Abstract

Galectin-3 is a β-galactoside binding protein and known for its deregulation in cancer. In previous studies, correlations between single nucleotide polymorphisms (SNP) and cancer development have been identified in the context of genetic susceptibility to different types of cancer. However, potential phenotypic variations related to galectin-3 SNPs have not yet been evaluated in non-small cell lung cancer (NSCLC). In this study, it was aimed to correlate expression levels of gene and protein galectin-3 with genotype and allele distribution of rs4644 and rs4652 SNPs of galectin-3 between NSCLC patients (n=65) and healthy control (n=95) individuals. SNPsrs4644 and rs4652 in galectin-3 were studied using TaqMan Real-Time PCR system. Tissue gene expression levels of galectin-3 for patients was also analysed by Real-Time PCR. Galektin-3 serum levels were measured by ELISA. There were no significant differences in genotype and allele distribution of SNPs and galectin-3 gene expression levels between the tumor tissues compared to tumor surrounding tissues (p> 0.05); Mean serum level of galectin-3 was significantly higher in patients (26.05 ± 1.77 ng / ml) than that of controls (11.62 ± 1.30 ng/ml) (p <0.0001). The presence of angiolymphatic invasion was statistically significantly associated with AA genotype (p = 0.04).
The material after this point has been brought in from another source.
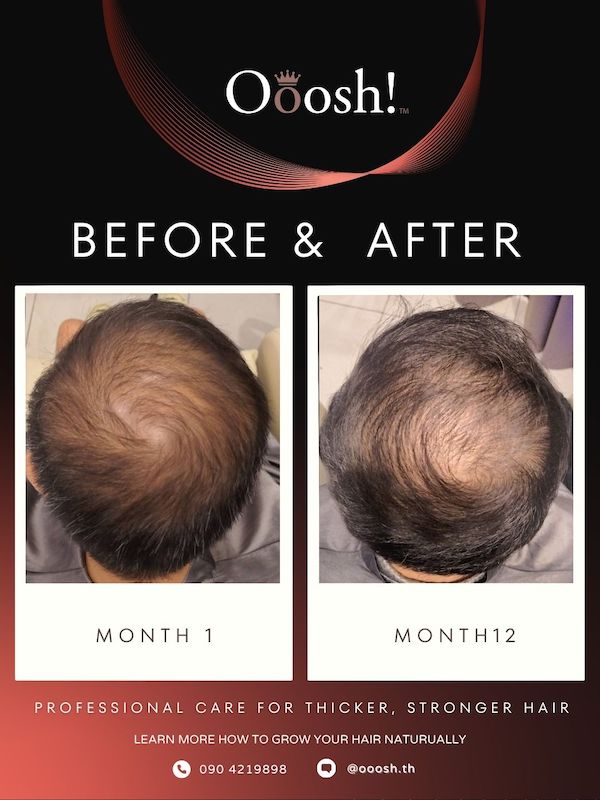 Before & After FB/IG 3:4 1080×1440 – 13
SNP rs4644 AC/CC genotype was found to be associated with higher serum galectin-3 levels in patients compared to that of controls (p<0.0001) while SNP rs4652 with AA / AC genotype was associated with lower serum galectin-3 levels in controls compared to patients (p<0.0001). Serum galectin-3 level has been shown to be statistically significantly associated with of vascular invasion among patients who had AC genotypes for both SNPs rs4644 and rs4652 (p = 0.03; p = 0.019 respectively). Galectin-3 could be defined as a possible biomarker for NSCLC and it plays a role as surrogate marker for vascular invasion in tumors.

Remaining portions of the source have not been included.